Some of the examples also show that relative sizes and positions matter; clearly such examples
can be multiplied indefintely.
It is worth noting that proximity problems also arise in cognitive robotics, where a robot
may need to anticipate whether it will be next to an object (e.g., a person, food tray or book)
it plans to interact with, after one or more moves or other actions. The “next-to” problem
was analyzed in (Schubert 1990, 1994), and recent robotics research recognizes that cognitive
robots need to construct three-dimensional spatial models of their environment (e.g., Roy et al.
2004).
As final examples, we quote two more brief stories from a similar source as our first story,
in which the need for modeling spatial relations is quite apparent:
A little girl went in search of flowers for her mother. It was early in the day, and the grass
was wet. Sweet little birds were singing all around her. And what do you think she found
besides flowers? A nest with young birds in it. While she was looking at them, she heard
the mother bird chirp, as if she said, ”Do not touch my children, little girl, for I love them
dearly.” (McGuffey 2005, Lesson XLII)
This is a fine day. The sun shines bright. There is a good wind, and my kite flies high.
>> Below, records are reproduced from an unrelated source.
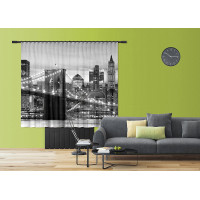 Dizajnový záves - Brooklynský most - čiernobiely - 180x160 cm
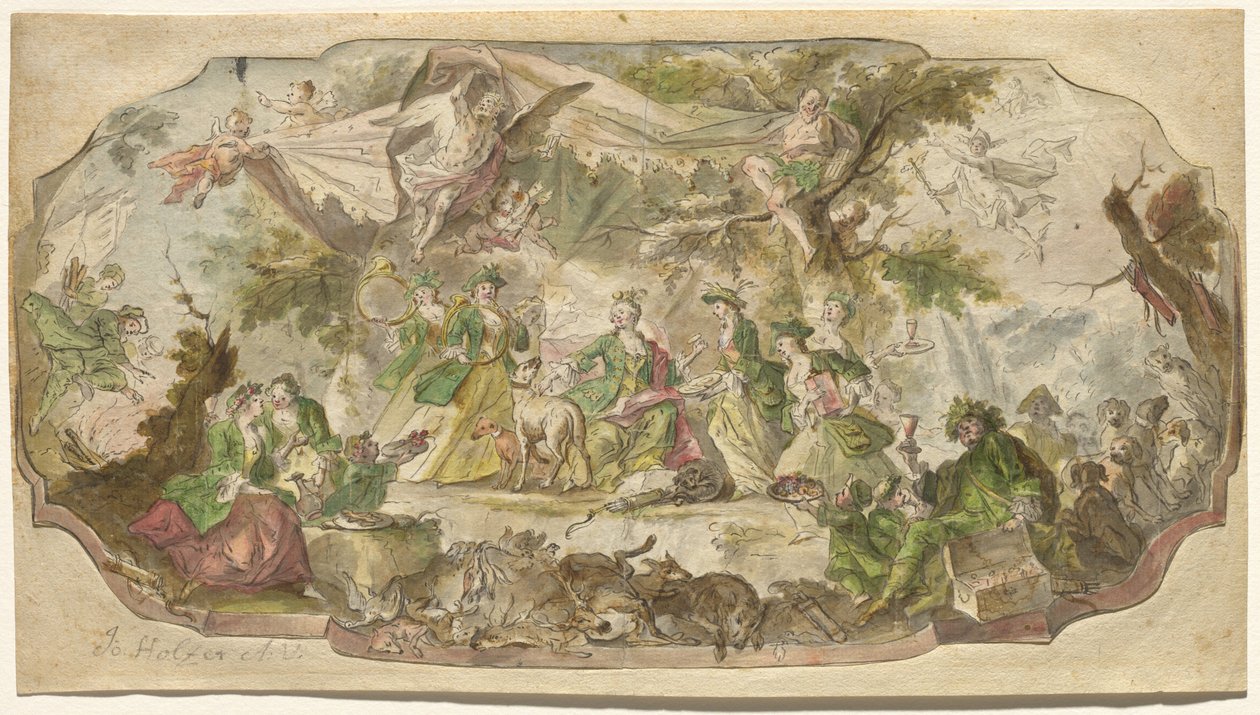 Diana hviler etter jakten av Johann Baptist Enderle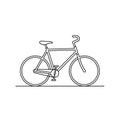 Minimalistic line drawing of a bicycle on a white background. The design features Royalty Free Stock Photo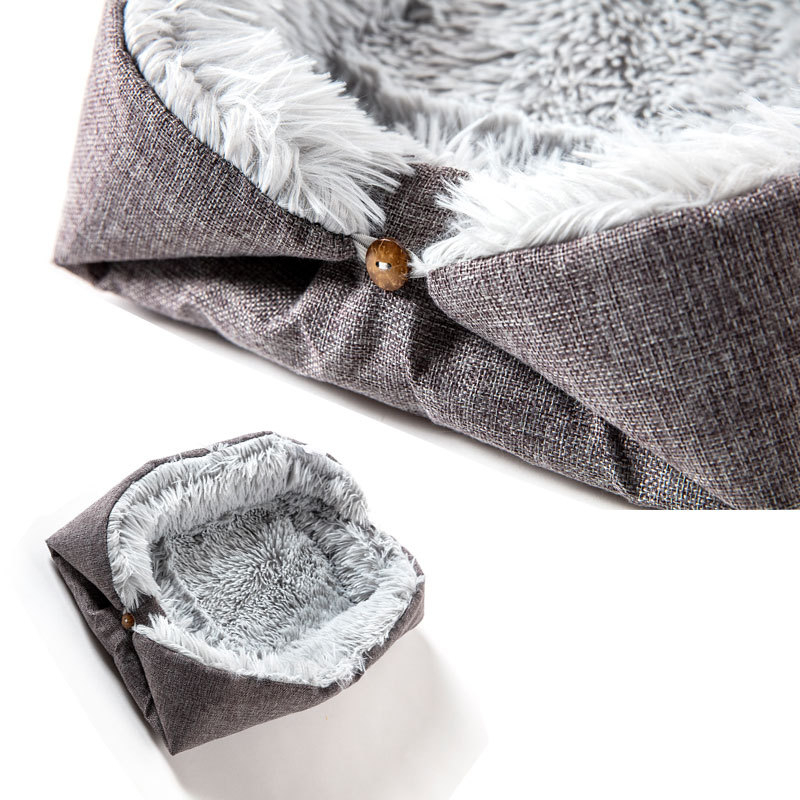 Фабрична директна доставка на постелка за домашни любимци, плюшена постелка за малко куче, котешко гнездо, есен и зима, матрак с двойна употреба за кучета и котки, домашни любимци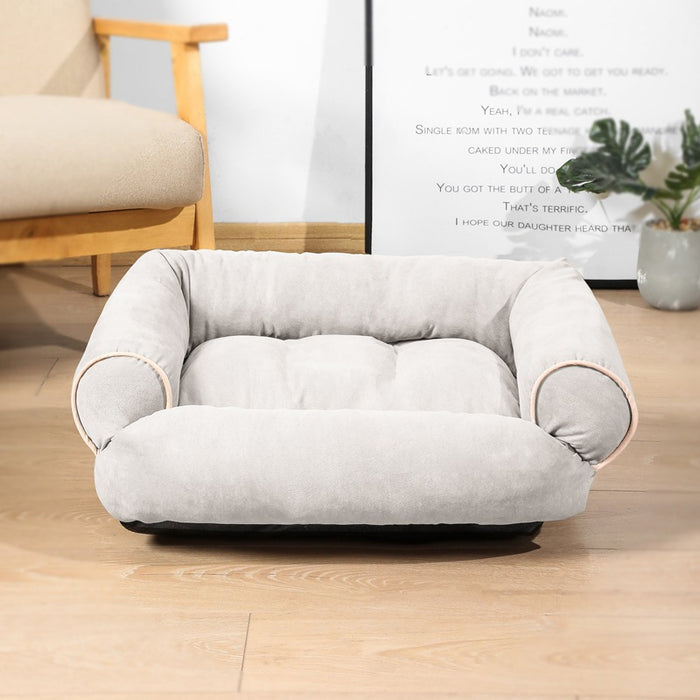 Plushridge Sofa-Style Pet Bed with Bolster Armrests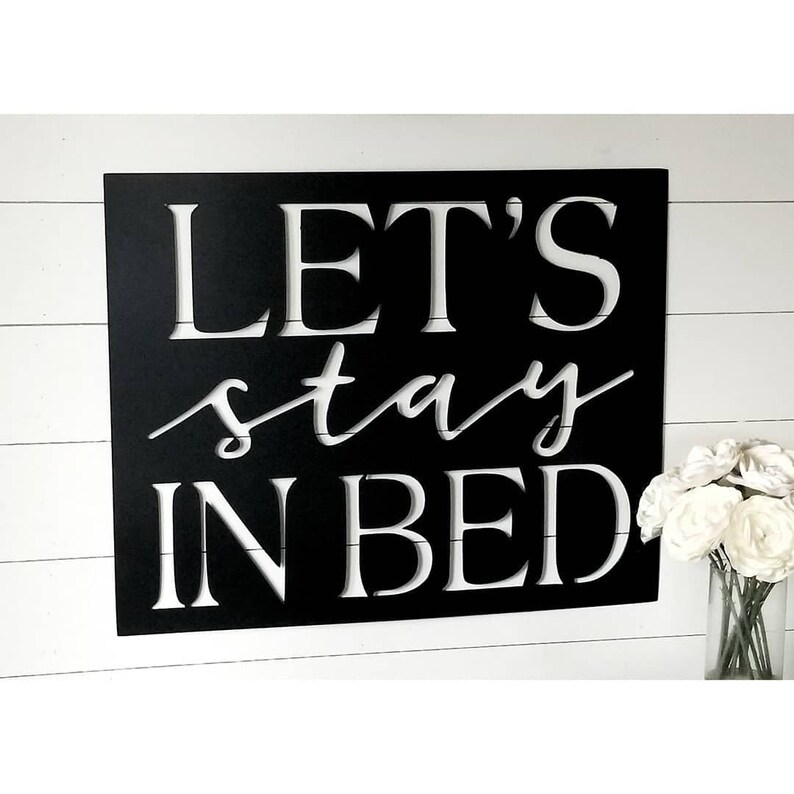 Let's stay in bed metal sign Etsy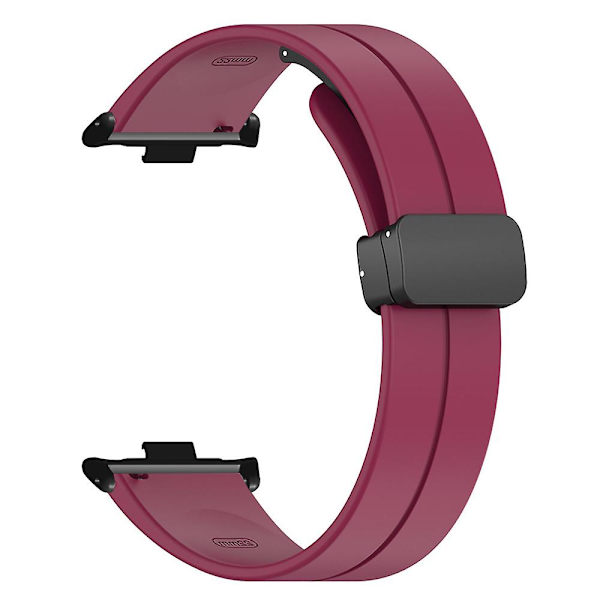 Silikone urrem til Xiaomi Smart Band 8 Pro, med magnetisk foldelås Wine Red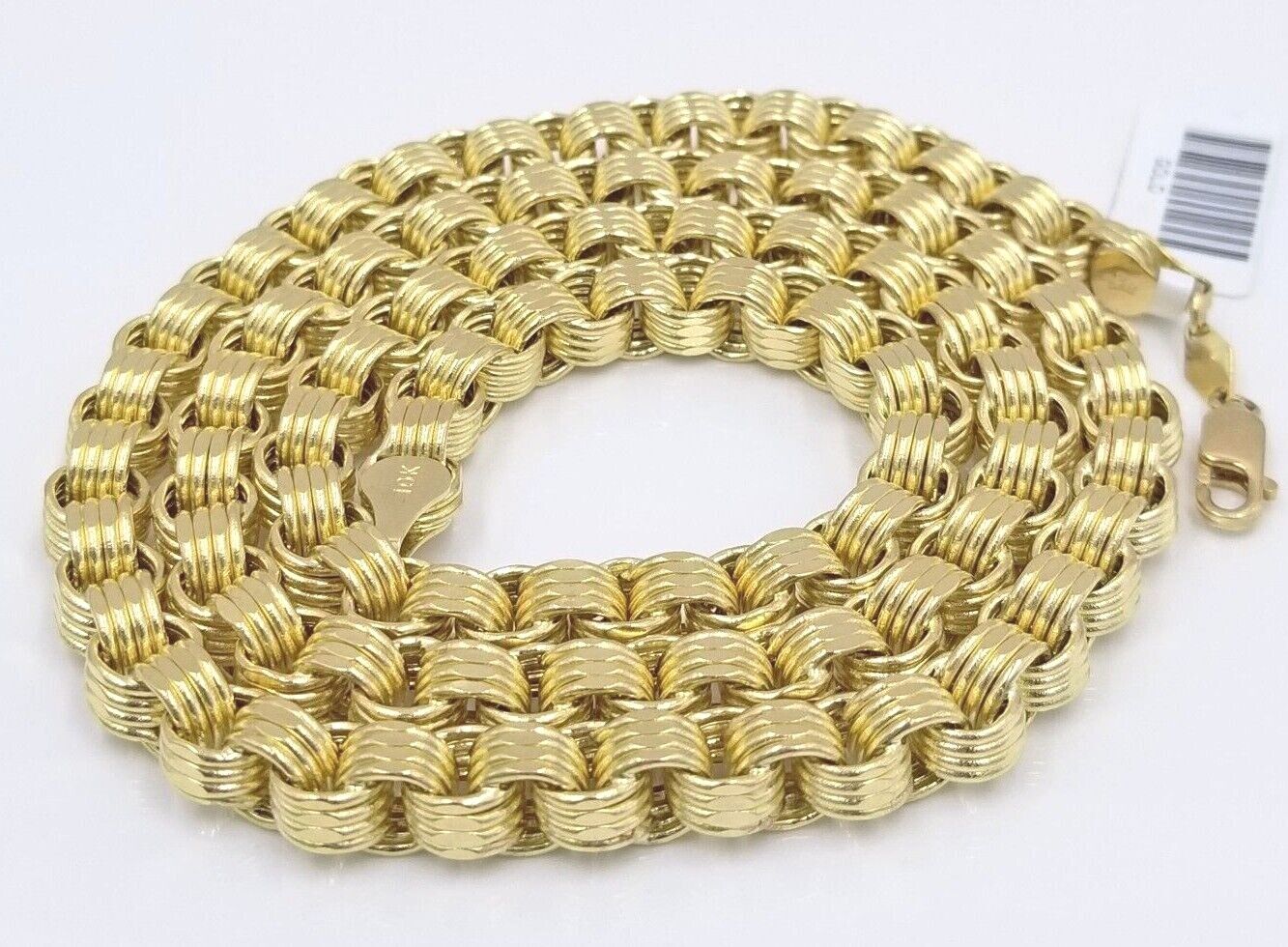 Real 10k Yellow Gold Box Byzantine Necklace 6.5mm 28" inch For Men 10kt Chain - GoldenlinQ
I can just see it. The sun shines in my eyes; I will stand in the shade of this high fence.
Why, here comes my dog! He was under the cart. Did you see him there? What a good
time we have had! (McGuffey 2005, Lesson XXIX)
In the first story, note the contrast with our opening story: We infer that the girl’s attention
is generally turned downward, perhaps by reference to the prototypical gaze direction of someone
seeking objects on the ground. So the nest she spots is likely to be situated close to or on the
ground, within a field of view lower than the girl’s head. This is confirmed by her ability to look
at the young birds, as well as by the mother bird’s perception that the girl might touch them.
In the second story, the prototypical configuration of a person holding a high-flying kite at the
end of a long string, and the position of the sun high in the sky, are essential to understanding
why the sun shines in the kite-flyer’s eyes. Further, how the shade of a high fence might shield
the kite-flyer from the sun, and why a dog under a cart may or may not be noticeable, are best
understood from (at least rough) physical models of these entities.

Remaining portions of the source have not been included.